Singapore is known for its transport philosophy and approach which discourages people from going for ownership of personal vehicles. It has also seen the steady extension of its public transport in the past 3 decades. Singapore Transport is now working towards the roll-out of driver-less and autonomous buses in partnership with Volvo Buses. This will be the next big technology leap for the city state. The first trials for autonomous vehicles are currently taking place at CETRAN (a comprehensive test center for autonomous vehicles operated by Nanyang Technological University, NTU Singapore) by Singapore Transport.
The relentless quest to develop and operate autonomous vehicles is global. NTU says that the country is working towards being a leader in the development of autonomous vehicles. The goal of Singapore Transport is to be a smart nation with advanced infrastructure and smart technologies. Several companies like Mercedes Daimler, BMW, Tesla, Waymo (Google’s project) have the technology and the wherewithal to work towards autonomous vehicles. Apple too has joined the race for this technology. Uber and Lyft too are developing technologies for autonomy.
Singapore Transport Leading the Way for Autonomous and Electric Vehicles
During the trial runs, Volvo electric buses have been experimented with by Singapore Transport. These modern vehicles are equipped with light detection and ranging sensors (LIDARS), stereo vision camera to capture 3-D pictures, along with a global navigation satellite system. The high tech vehicle moves on the roads with hands free technology. It turns effortlessly at curves and takes a breather at traffic lights.

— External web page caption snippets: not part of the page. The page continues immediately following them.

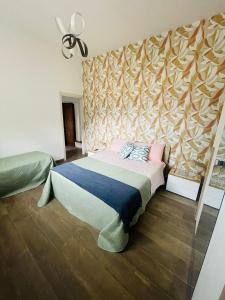 a bedroom with a bed with a wall at Casa Politeama Spacious Central Flat by Oplonti Station for Pompeii, Sorrento and Naples in Torre Annunziata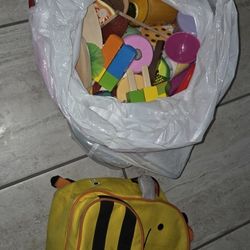 Bag Full Of Plastic Fake Food, Menus, Pots And Pans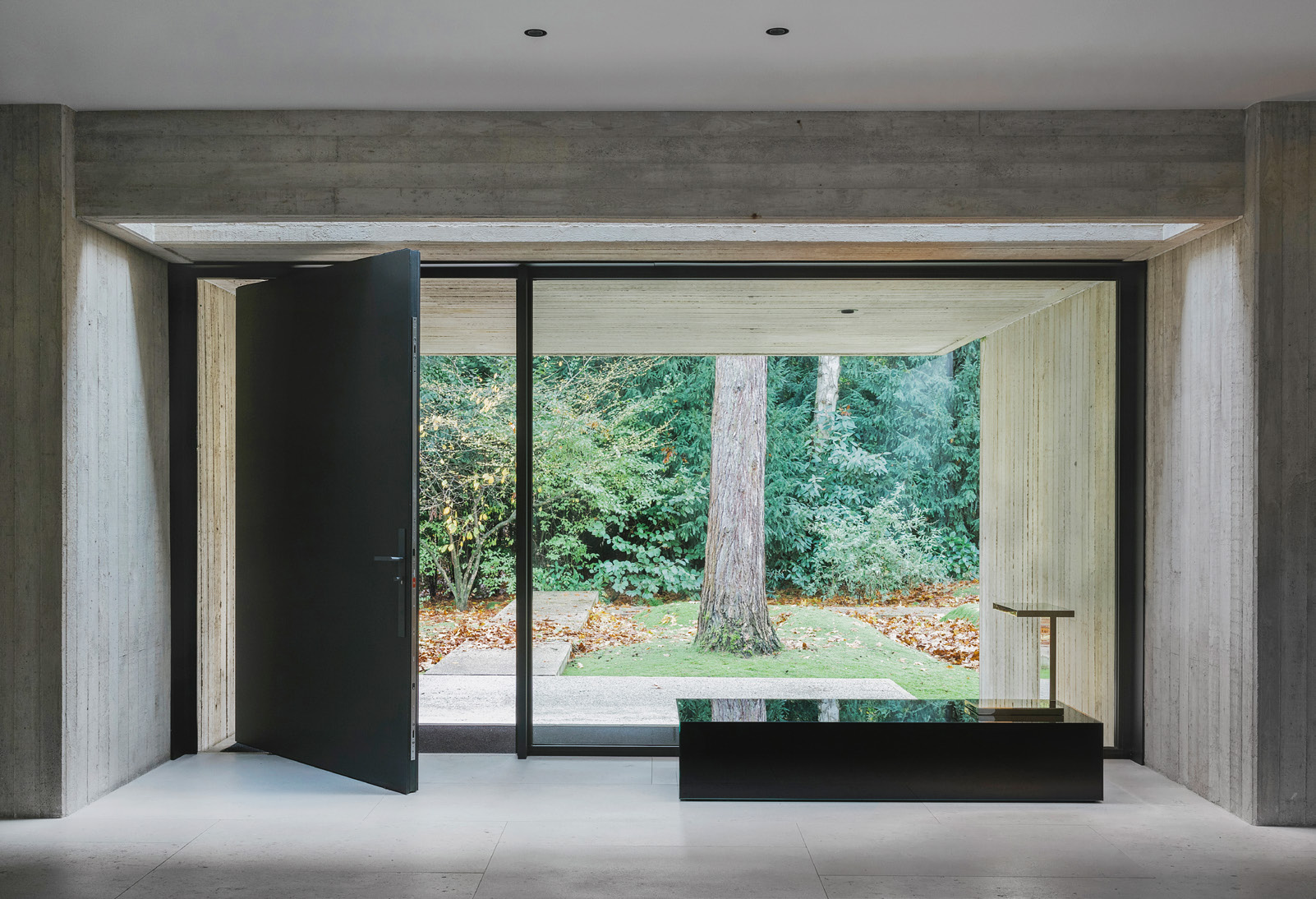 Black table with Furtiv LP table lamp and a large bay window overlooking a garden in the background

Volvo has launched the world’s first full size autonomous electric buses. It primarily represents the future of mobility. In partnership with NTU and SMRT, Volvo is testing technologies on the ground. Despite being a company from Sweden, the company has made inroads all over the world and Singapore Transport is a classic example.
This has been made possible due to seamless links between academic institutions and the country’s Land Transport Authority in Singapore. This is coupled with an Information Technology (IT) backbone along with a strong electricity grid. Though there are challenges to development of autonomous vehicles from a technology viewpoint, headway is being made in areas such as insurance, liability, and social consequences, particularly for countries with disparities as well as inequalities.